A Harford County state delegate decided to kill his bill requiring public hearings prior to any Harford Community College tuition increases taking effect, after the college's president talked with him about it.
A Harford County state delegate decided to kill his bill requiring public hearings prior to any Harford Community College tuition increases taking effect, after the college's president talked with him about it. (AEGIS FILE PHOTO / Baltimore Sun Media Group)

A bill introduced in the Maryland General Assembly that has since been withdrawn would have set for parameters for Harford Community College to follow before it raised tuition rates.

Del. Pat McDonough introduced a bill to "take specified actions before proposing an increase in tuition" at the college. It would have made HCC officials hold two public hearings and publish a report on its website with specific information about the increase, all before the board of trustees votes on the proposed increase.


HCC President Dr. Dennis Golladay opposed the bill, however, and met with the Harford House delegation members in Annapolis Wednesday to ask them to withdraw the bill.

"We have what we think is plenty of opportunity," Golloday said Thursday, citing five meetings where the budget or tuition increases could be discussed, as well as information on the college's website. "There is plenty of access to meetings."

After the Annapolis meeting, McDonough said he had "a great deal" more information regarding the college's financial situation than he did and the bill was withdrawn.

What Golloday told McDonough about why there is a need to keep increasing tuition, the delegate said, is worrisome, and has him concerned about the entire state of community colleges in Maryland.

"He explained the state and the county had been reducing their funding and that has caused them to have four consecutive tuition increases, but they feel like they were seeing the light at the end of the tunnel and they will have a balanced budget next year without the need for tuition hikes," McDonough said.

He said he had received a number of emails and letters from constituents and heard from them out in the public that they are concerned about tuition increases at HCC.

"I felt the delegation needed to talk about this. One of the ideas was to mandate there be at least two public meetings any time there was a proposal for a tuition increase, in two different geographical sections of the county," McDonough said. "The board would be required to explain in detail why this increase was necessary."

In January, the HCC Board of Trustees approved a $12 per credit hour increase for the 2015-16 academic year starting in the fall that will raise tuition to $116 per credit hour from $104 for in-county students. Tuition has increased by $39 per credit hour since 2010, which is 51 percent for an in-county student.

The trustees also raised the consolidated student fee by 2.6 percent prior to the current academic year and approved another 2.6 percent increase for next year, to $20.80 per credit hour for in-county students.

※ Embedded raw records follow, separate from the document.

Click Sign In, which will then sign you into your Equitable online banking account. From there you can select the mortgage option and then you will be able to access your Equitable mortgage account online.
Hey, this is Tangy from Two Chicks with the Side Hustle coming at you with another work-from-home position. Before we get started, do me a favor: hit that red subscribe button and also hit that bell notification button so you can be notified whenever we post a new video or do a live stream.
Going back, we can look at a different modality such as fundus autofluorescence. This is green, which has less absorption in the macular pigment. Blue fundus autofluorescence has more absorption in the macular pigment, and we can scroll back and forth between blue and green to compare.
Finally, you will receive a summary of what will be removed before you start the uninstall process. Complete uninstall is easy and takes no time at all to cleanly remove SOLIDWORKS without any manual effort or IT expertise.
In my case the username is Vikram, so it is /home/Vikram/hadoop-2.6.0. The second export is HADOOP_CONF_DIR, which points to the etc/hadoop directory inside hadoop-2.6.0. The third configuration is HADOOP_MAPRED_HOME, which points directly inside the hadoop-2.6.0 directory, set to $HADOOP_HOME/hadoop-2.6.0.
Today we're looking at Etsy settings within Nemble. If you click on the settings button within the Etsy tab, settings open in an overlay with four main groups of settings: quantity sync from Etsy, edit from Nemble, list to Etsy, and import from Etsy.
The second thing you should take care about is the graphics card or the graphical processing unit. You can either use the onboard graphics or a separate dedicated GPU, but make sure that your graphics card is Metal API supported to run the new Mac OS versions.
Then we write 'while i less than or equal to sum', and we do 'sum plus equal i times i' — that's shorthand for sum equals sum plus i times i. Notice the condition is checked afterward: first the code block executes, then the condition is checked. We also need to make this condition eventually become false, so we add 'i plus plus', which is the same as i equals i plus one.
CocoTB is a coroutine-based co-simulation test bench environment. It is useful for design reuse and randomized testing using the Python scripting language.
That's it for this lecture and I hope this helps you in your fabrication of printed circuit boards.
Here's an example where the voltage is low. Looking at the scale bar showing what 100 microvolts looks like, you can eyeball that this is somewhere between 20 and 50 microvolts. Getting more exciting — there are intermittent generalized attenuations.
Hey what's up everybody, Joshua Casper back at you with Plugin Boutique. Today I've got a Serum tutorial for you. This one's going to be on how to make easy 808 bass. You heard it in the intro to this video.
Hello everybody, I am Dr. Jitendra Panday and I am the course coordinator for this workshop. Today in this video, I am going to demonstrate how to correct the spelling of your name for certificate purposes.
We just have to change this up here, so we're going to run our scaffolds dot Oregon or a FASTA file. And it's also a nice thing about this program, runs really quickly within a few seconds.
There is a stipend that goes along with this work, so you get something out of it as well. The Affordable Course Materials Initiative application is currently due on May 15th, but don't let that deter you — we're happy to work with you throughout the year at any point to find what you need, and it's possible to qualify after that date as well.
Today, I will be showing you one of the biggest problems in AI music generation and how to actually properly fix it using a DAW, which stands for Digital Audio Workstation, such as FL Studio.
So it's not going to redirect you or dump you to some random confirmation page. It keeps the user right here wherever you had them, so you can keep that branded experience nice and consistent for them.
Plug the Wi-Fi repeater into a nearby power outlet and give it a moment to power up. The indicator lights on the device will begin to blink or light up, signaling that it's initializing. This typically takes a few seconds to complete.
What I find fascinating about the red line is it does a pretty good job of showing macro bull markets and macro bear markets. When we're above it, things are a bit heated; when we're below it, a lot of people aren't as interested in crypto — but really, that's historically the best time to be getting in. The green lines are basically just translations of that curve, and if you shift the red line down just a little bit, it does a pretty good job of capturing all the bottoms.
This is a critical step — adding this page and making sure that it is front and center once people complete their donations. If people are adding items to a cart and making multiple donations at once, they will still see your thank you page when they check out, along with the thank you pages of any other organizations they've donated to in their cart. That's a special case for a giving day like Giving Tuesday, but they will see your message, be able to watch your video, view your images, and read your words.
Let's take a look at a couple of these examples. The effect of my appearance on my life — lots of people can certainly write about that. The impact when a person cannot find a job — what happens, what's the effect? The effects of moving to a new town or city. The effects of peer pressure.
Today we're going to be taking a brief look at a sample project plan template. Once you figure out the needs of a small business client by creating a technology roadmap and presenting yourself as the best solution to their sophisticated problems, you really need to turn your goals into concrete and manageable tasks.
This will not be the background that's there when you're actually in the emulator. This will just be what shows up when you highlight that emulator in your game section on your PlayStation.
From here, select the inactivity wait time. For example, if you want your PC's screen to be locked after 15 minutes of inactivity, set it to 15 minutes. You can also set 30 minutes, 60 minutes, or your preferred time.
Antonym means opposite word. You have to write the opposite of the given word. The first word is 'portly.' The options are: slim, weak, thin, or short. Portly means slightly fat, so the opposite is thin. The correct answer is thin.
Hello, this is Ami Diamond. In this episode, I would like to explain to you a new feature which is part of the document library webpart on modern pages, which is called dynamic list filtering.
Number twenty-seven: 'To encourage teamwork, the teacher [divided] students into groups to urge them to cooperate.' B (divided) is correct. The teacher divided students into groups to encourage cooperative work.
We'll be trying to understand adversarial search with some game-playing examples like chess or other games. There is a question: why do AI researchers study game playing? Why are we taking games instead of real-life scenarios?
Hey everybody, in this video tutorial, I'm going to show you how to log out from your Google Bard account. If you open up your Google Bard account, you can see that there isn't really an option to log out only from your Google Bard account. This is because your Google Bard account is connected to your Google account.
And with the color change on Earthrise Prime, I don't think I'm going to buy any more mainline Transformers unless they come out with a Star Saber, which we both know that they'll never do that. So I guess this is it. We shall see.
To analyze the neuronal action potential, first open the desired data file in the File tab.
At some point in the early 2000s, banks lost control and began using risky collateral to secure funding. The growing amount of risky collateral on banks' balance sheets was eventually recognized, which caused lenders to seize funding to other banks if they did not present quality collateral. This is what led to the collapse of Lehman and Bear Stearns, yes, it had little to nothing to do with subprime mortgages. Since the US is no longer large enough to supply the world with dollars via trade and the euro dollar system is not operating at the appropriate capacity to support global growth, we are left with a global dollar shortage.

McDonough said Golladay did agree with him that the college does need to have better communication with the delegation and the public and agreed to be more open and transparent and "really get their message out there a little better."

Golloday justified to him the need for the recent increases, McDonough said. The HCC president, who announced last week he is retiring at the end of his contract in June 2016, told McDonough he has severe concerns about dipping into the college's rainy day fund.

"He had been hitting [it] hard," McDonough said. "I appreciate what he said, I respect his administration, but a bigger problem that his remarks had me very concerned about is not just Harford County, but the entire state, because apparently all these colleges are underfunded. They'll run out at some point."

He said the state may have to create some kind of statewide blue ribbon commission to take a look at some of the problems "these great assets are getting caught up in."

McDonough said it's too late in this legislative session to get anything done, but he intends to send a letter to Gov. Larry Hogan expressing his concerns and making his recommendations.


The state bill was discussed during Tuesday's HCC Board of Trustees meeting and although Golladay said he was opposed to it, trustee John Haggerty said more public hearings can't hurt anything.

"There's nothing wrong with scheduling a public hearing. If people show up, fine, we'll hear them, if they don't, they were given the opportunity," Haggerty said.